I understand why this film is regarded as a classic. In fact, from the very beginning, the film has a kind of unique feeling, it's almost shouting, and loudly, "This is not 'Rocky'": from the classic opening score, to the shadowy black and white cinematography, the director is the first real star of the film : Martin Scorsese, the heavy-weight champion of film-making, probably the most talented director of his generation. The use of Black & White prevented the film from an overdose of red but the pay-off, was its "classic" look. When De Niro was reciting Brando's lines you could almost feel you were watching "On the Waterfront".
But I must admit I had mixed feelings with "Raging Bull" at first. On one side, I was literally mesmerized by De Niro's brutally powerful performance as a man devoured by jealousy. In fact, this jealousy, driven by a probably very low self-esteem works almost like a gangrene.

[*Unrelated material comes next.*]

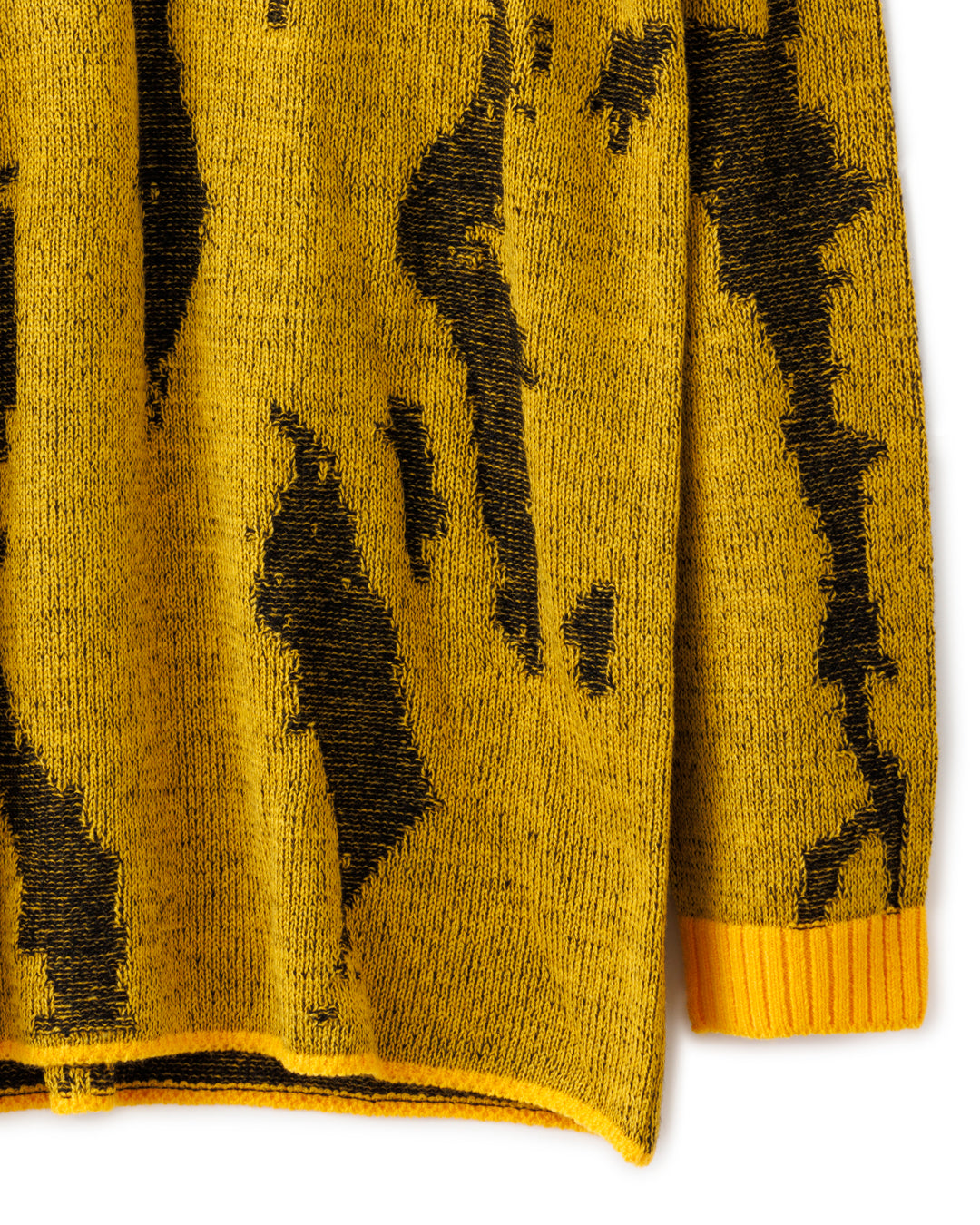 gène par YUKIO MISHIBA / Flake Single Jacquard Knit - Yellow×Black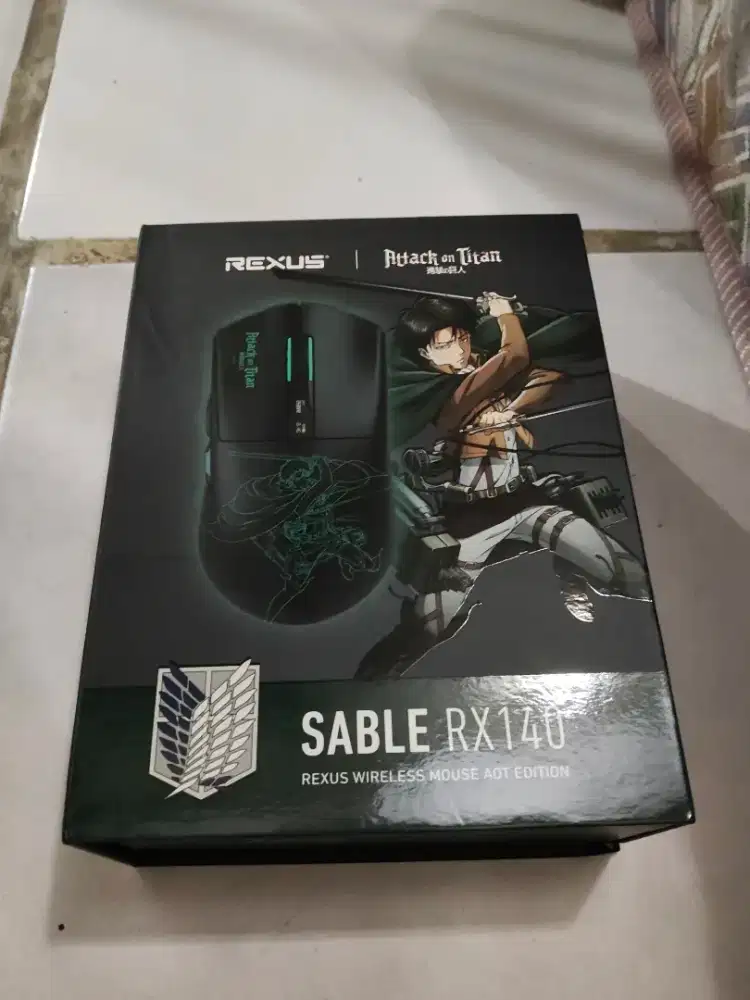 Mouse Rexus Sable RX 140 Collab AOT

Following the development of his character, you know that sooner or later, the guy's gonna reach a breaking point and the effects will be devastating. On the other side, this jealousy created a bit of redundancy in the movie, "let's face it" (like Terry Malloy would say), the scenes, although beautifully directed, making Vickie La Motta floating from man to man (great job by Marty, jealousy had never been so perfectly captured in film), those scenes were kind of repetitive, and upsetting. Upsetting in a good way because we're not necessarily supposed to root for La Motta but at least react to his shocking behavior and aggressive attitude. And upsetting in a bad way, because I was wondering all through the movie, "Okay, we got it, the guy is jealous" until the movie reminded of "A Women Under the Influence", another masterpiece where a character's behavior, makes you feel so uncomfortable, you don't want to watch.
And that"s how "Raging Bull" is a very particular movie. I hope every fan of this film can at least concede that it takes more than one or two viewings to let the film grow on you. And it's not that easy to consider it one of 'the best ever' after one viewing. "Raging Bull" is interesting because it's one of the few character studies that make you question the main roots of the character's behavior, the motives. Travis Bickle was alienated and frustrated, Charlie was torn between friendship and quest for redemption. In La Motta's case, it's hard to come to a conclusion. We know how he is, but why? why such a paranoid behavior that ultimately lead him to lose his family. Paranoia can be explained, take a character like Michael Corleone for instead, but for La Motta, it seemed irrational.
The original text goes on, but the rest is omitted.